By Paul Goble
The economic crisis in Russia is feeding the growth of Islamist extremism in an indirect way: young people from Kyrgyzstan who had been going to Russian cities as gastarbeiters are now going to Syria to fight for ISIS; and there is a great danger that when they return home, they will bring their new extremism with them.
In an article in today’s “Nezavisimaya gazeta,” that Moscow paper’s correspondent in Bishkek, Grigory Mikhaylov writes that “the youth of Kyrgyzstan are exchanging Russia for Syria,” a trend that is already worrisome in Syria now and likely to be in Kyrgyzstan and other Central Asian countries in the near future (ng.ru/cis/2015-12-09/7_kirgizia.html).
Officially, “more than 500 citizens of Kyrgyzstan are fighting in the Middle East,” but the actual number is likely higher.
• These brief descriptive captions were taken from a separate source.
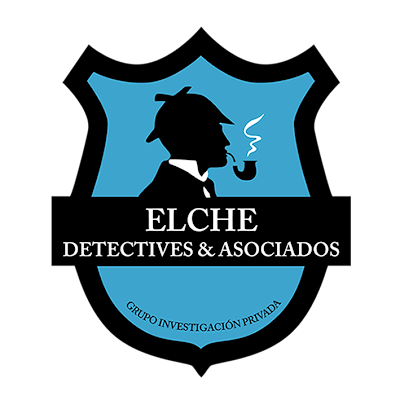 Logotipo de Elche Detectives y Asociados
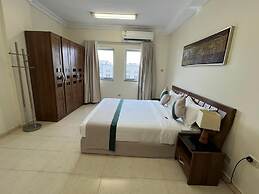 Almawasim Alarbaa Establishment For Serviced Apartments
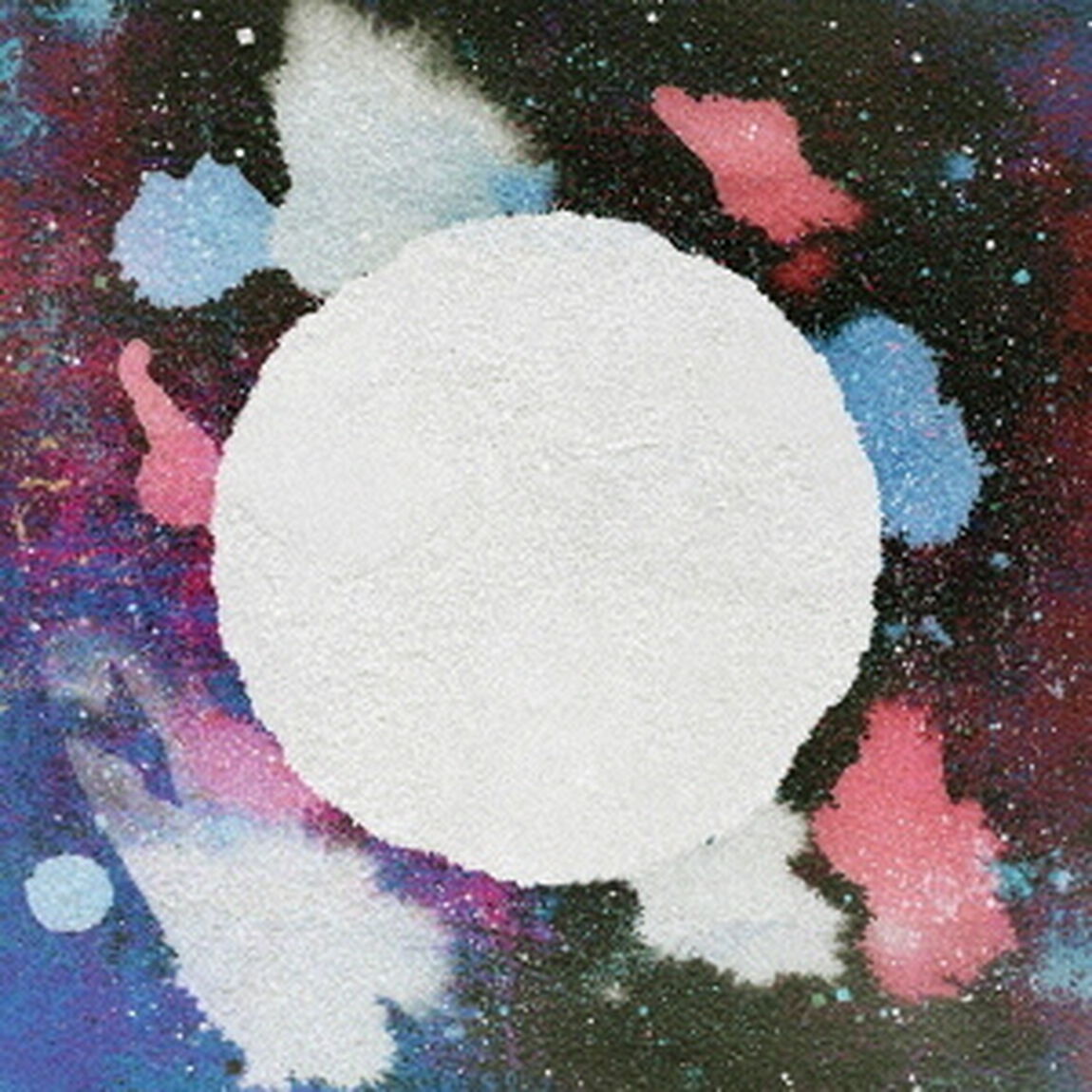 THE　UNIVERSE　SMILES　UPON　YOU　Ⅱ（LP盤（アナログ盤））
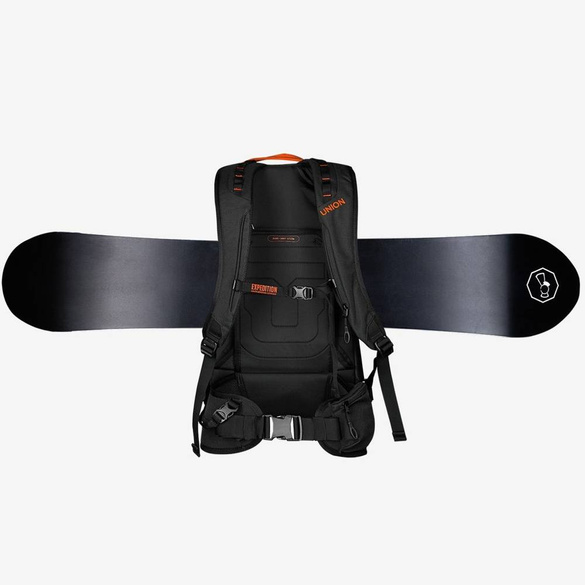 UNION Expedition Rover Backpack '22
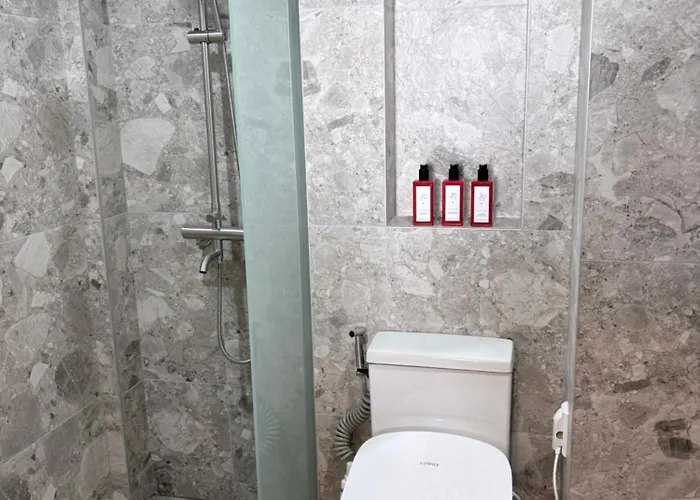 Hotel Marysol Busan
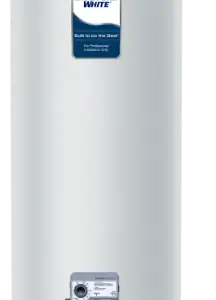 Bradford White water heater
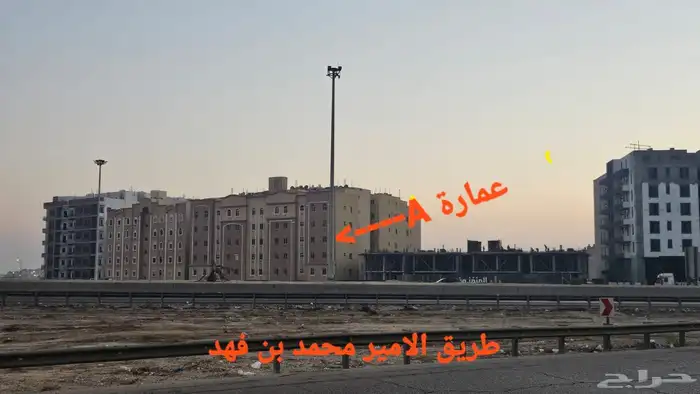 شقة للبيع فرصة عقارية مميزه 0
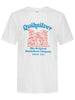 Quiksilver Shoppe T-Shirt Spring 2026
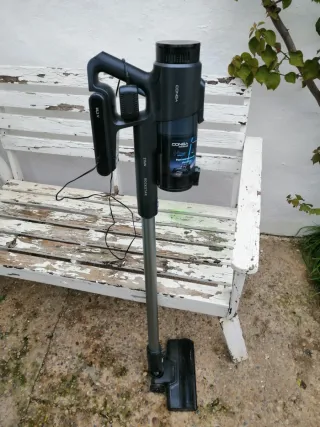 Aspiradora Conga Rockstar 25.9V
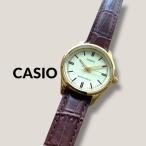 カシオ CASIO 腕時計 レディース 収納ケース付き チープカシオ チプカシ シンプル プレゼント ギフト ランキング お祝い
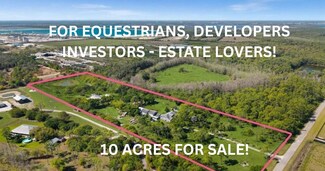 Fort Myers, FL Agricultural Land - 15170 N Mallard Ln Fort Myers, FL Agricultural Land - 15170 N Mallard Ln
In any case, Mikhaylov says, “the number of participants is constantly growing and among the volunteers there are ever more women and children. Those migrants returning from the Russian Federation also often seek employment in other regions.”
Bishkek officials, increasingly alarmed by this pattern, have adopted “a complex of measures,” but most of those remain classified. Among those that have been reported in the media are prophylactic measures among soldiers and militiamen, strengthening of the special services, and the creation of a Center for the Study of the Religious Situation.
But many are concerned, the “Nezavisimaya gazeta” journalist says, by the fact that the authorities have not changed their rhetoric, provided support for moderate Muslim leaders, or developed the kind of expertise to identify extremism before it spreads. Instead, officials continue to blame problems on forces like “illiterate imams.”
Kadyr Malikov, a theologian, says that none of the civil or religious authorities have taken a clear position about two Kyrgyz citizens whom the authorities have identified as ISIS recruits. “The silence of the authorities shows,” he says, “that not one expert or theological can be confident that his security will be guaranteed by the state.”
Moreover, Mikhaylov continues, “a number of specialists [in Kyrgyzstan] are criticizing the leadership for a lack of flexibility and an inclination to apply harsh methods to religious activists. In the opinion of political analyst Parviz Mullodzhanov, ‘the authorities are driving representatives of moderate religious organization and radicals into one camp.”
And there, he says, “they are coming together.” To the extent that is so – and the experience of other post-Soviet states and others as well suggests that it is – the fallout from the collapse of the gastarbeiter possibilities in Russia for the rise of Islamist extremism in Central Asia are likely to be far larger than anyone currently imagines.